Chuang Tzu: Letting Life Flow

by Thomas Merton

Back in Melbourne in 2017, I found myself deep in the contrast between two ancient ways of being. On one side, the path of Confucius—disciplined, structured, focused on becoming a “Superior Man” through love, duty, and ritual. It’s a noble idea: to live with compassion (Jen), fairness (Yi), reverence (Li), and wisdom (Chih). There’s a real beauty in that striving. A desire to align your life with the cosmos through intention.

But then there’s Chuang Tzu. And reading him felt like a deep exhale.

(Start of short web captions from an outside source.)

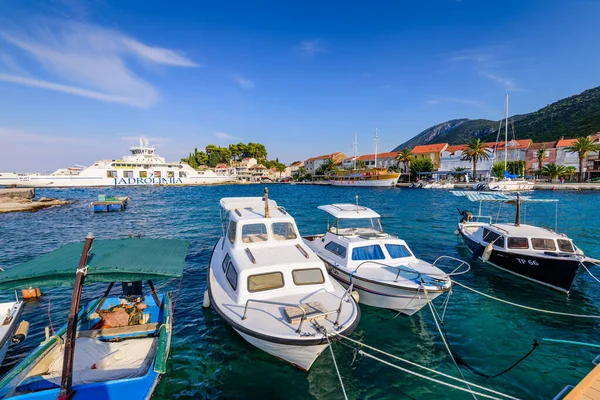 Trpanj Dalmatien Kroatien September 2018 Bunte Fischerboote Der Hafenstadt Trpanj — Stockfoto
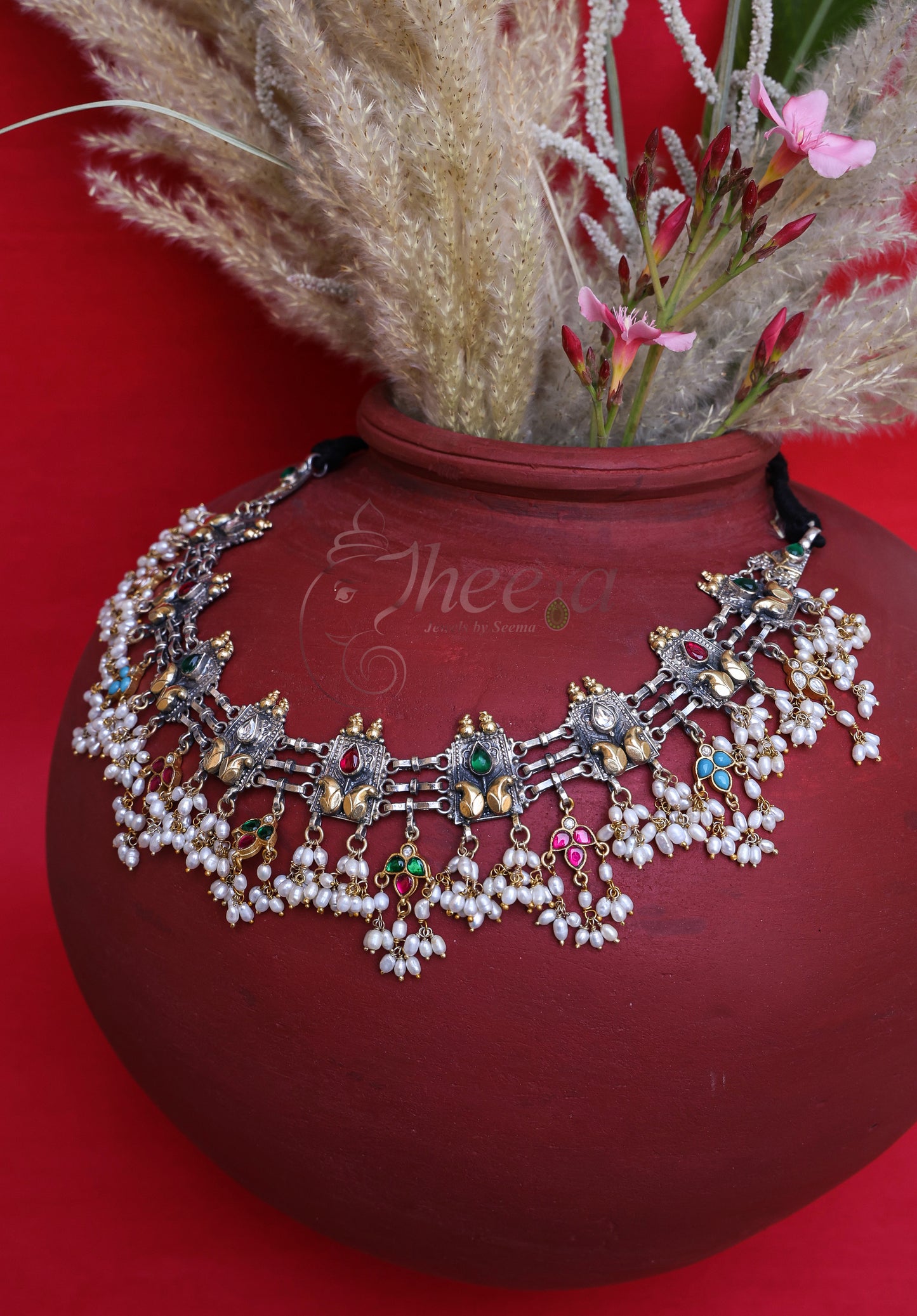 Fusion necklace with pearls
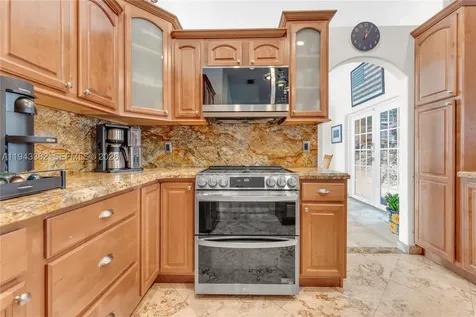 9125 NW 172nd Terrace Hialeah FL 33018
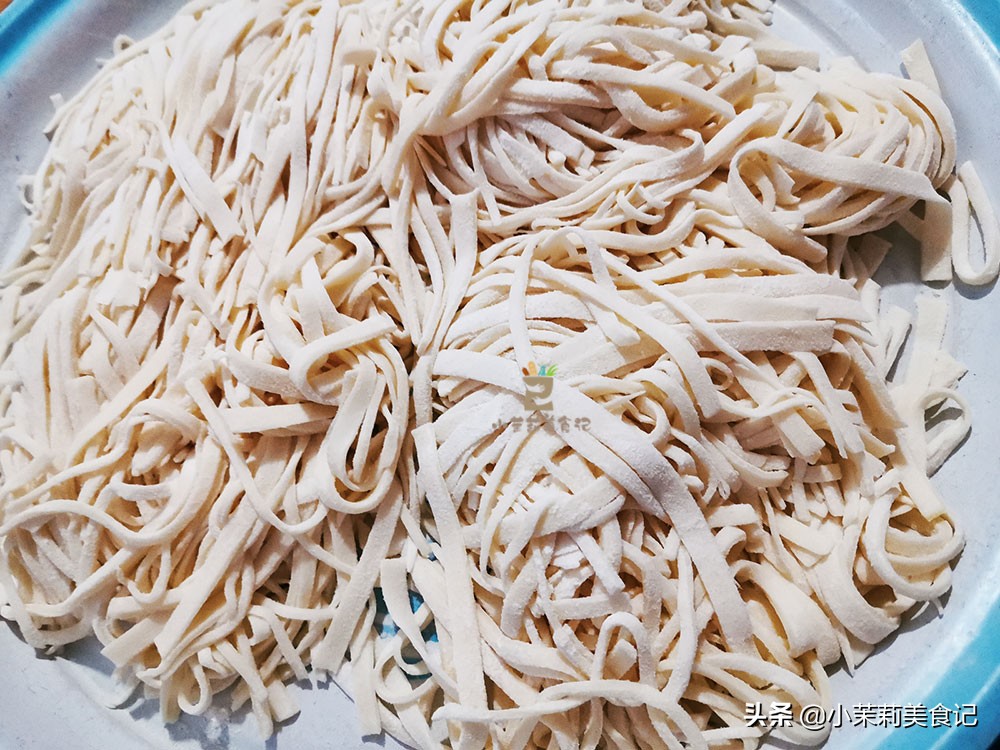 饸饹面500克的面粉放几克碱做面条,和面做面条时盐和碱最佳比例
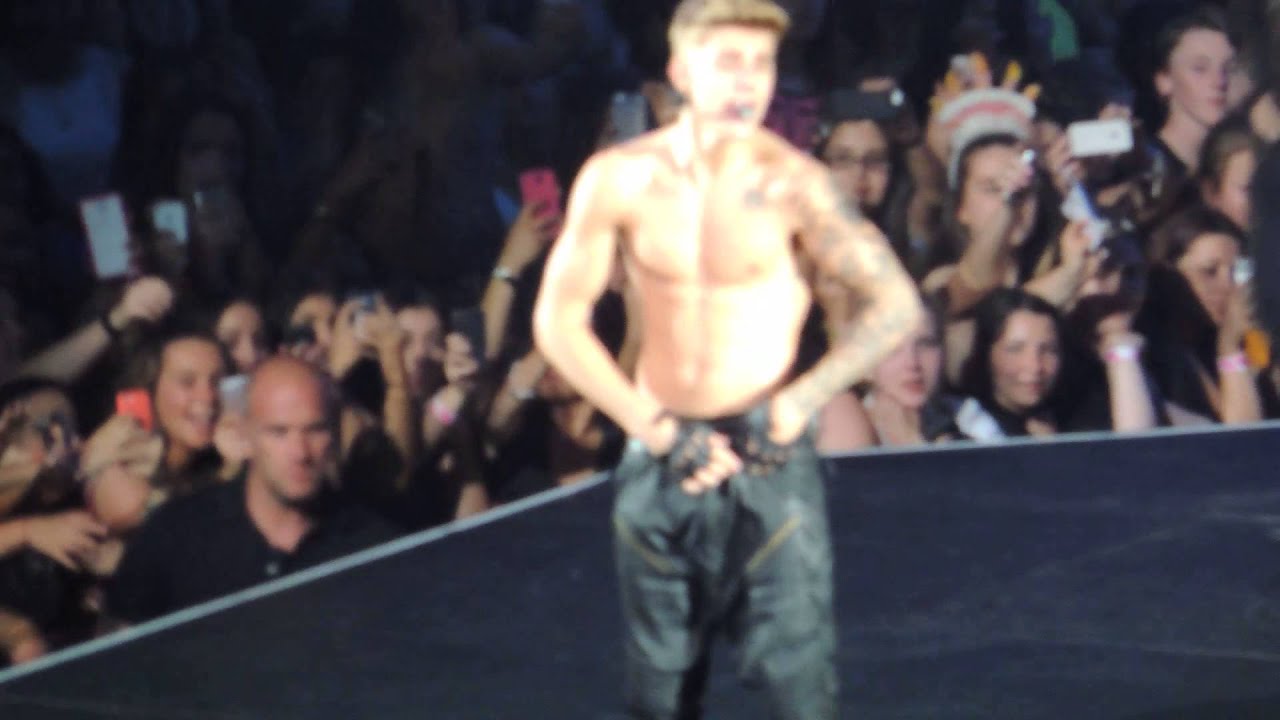Justin Bieber 'As long as you love me' Melbourne '13
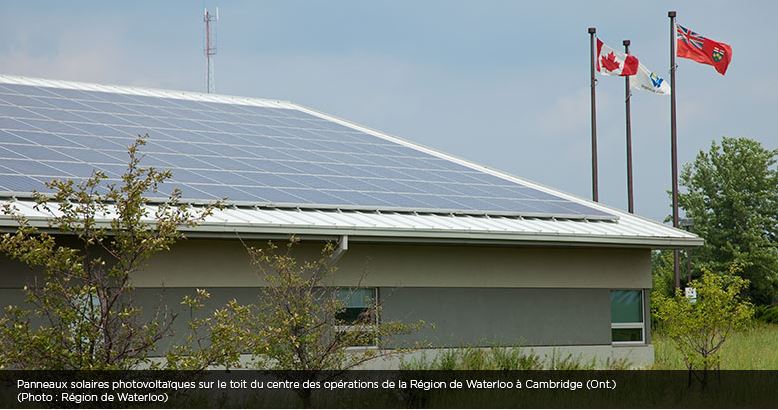 Panneaux solaires sur un bâtiment au Centre opérationnel de la  Région de Waterloo, à Cambridge, en Ontario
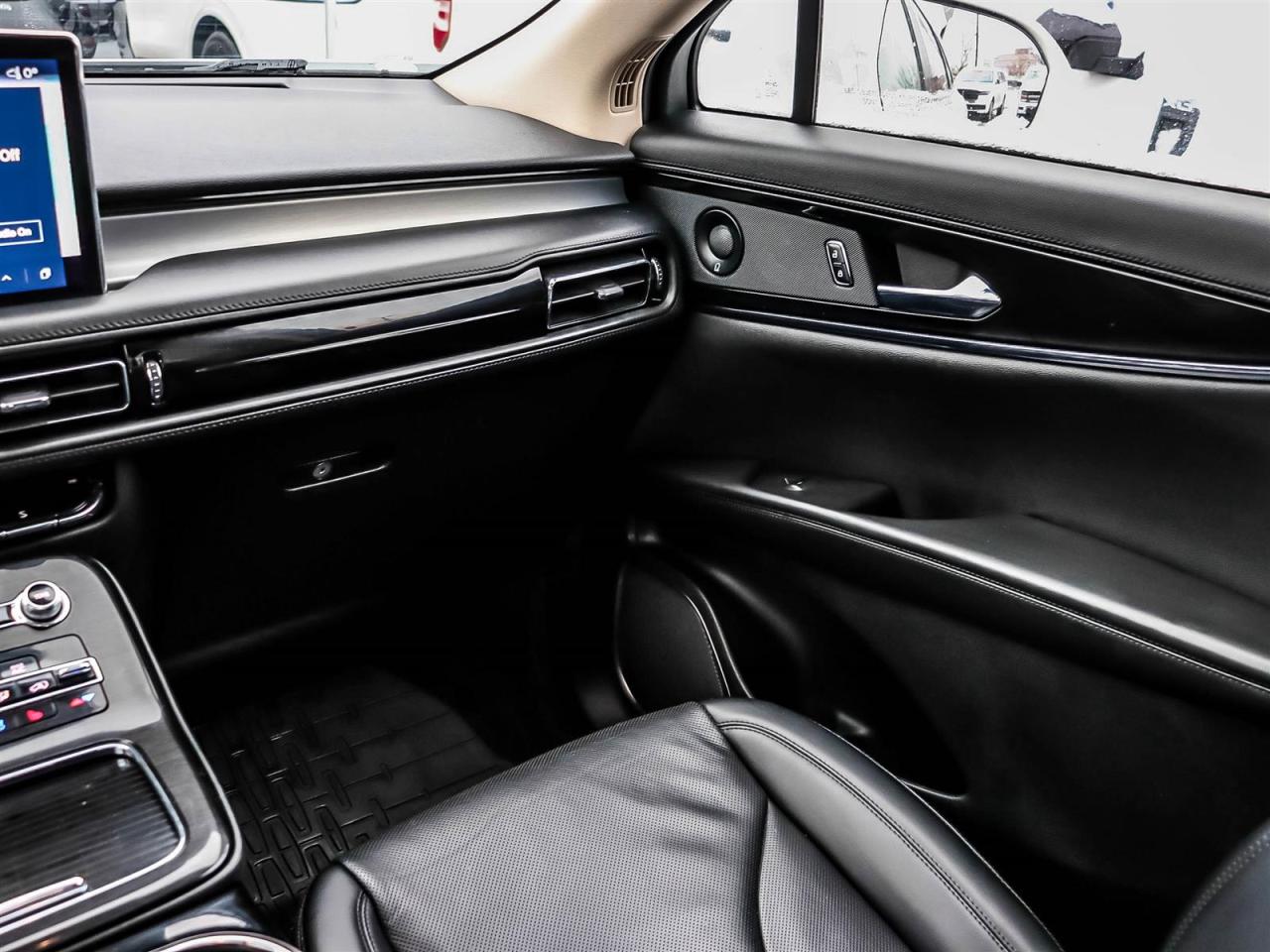 2023 Lincoln Nautilus RESERVE Photo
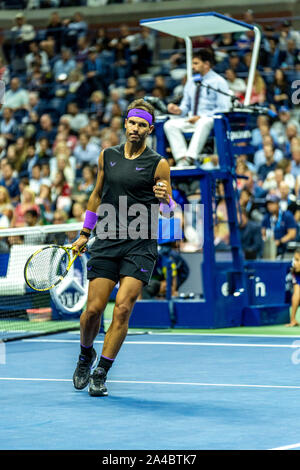 Rafael Nadal de l'Espagne en compétition dans les demi-finales hommes à l'US Open Tennis Championship 2019 Banque D'Images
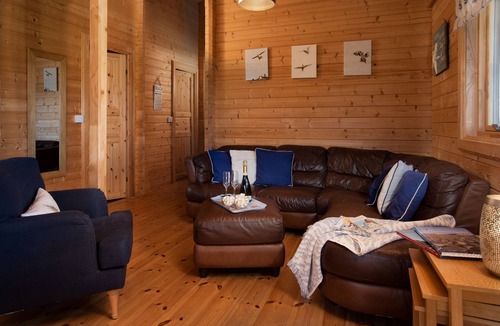Chathill Cottage | Shepherds Lodge - sleeps 6 guests in 3 bedrooms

Where Confucius urges us to cultivate, Chuang Tzu invites us to let go. He says, stop trying so hard. Let Tao move through you. Let action arise not from effort, but from flow. His idea of wu wei—non-doing—doesn’t mean doing nothing. It means doing in harmony with the whole. Moving without force. Living without trying to control life.

Instead of becoming good through rituals or discipline, Chuang Tzu suggests that we already are—if we stop getting in the way.

That hit home for me. There’s something deeply freeing in his vision of quiet, humble living. A kind of faith—not in beliefs, but in life itself.

So while Ju philosophy feels like climbing a ladder toward virtue, Taoism feels like floating in a river. Both aim for harmony, but they take different paths. And in the stillness, I knew which one felt more like mine.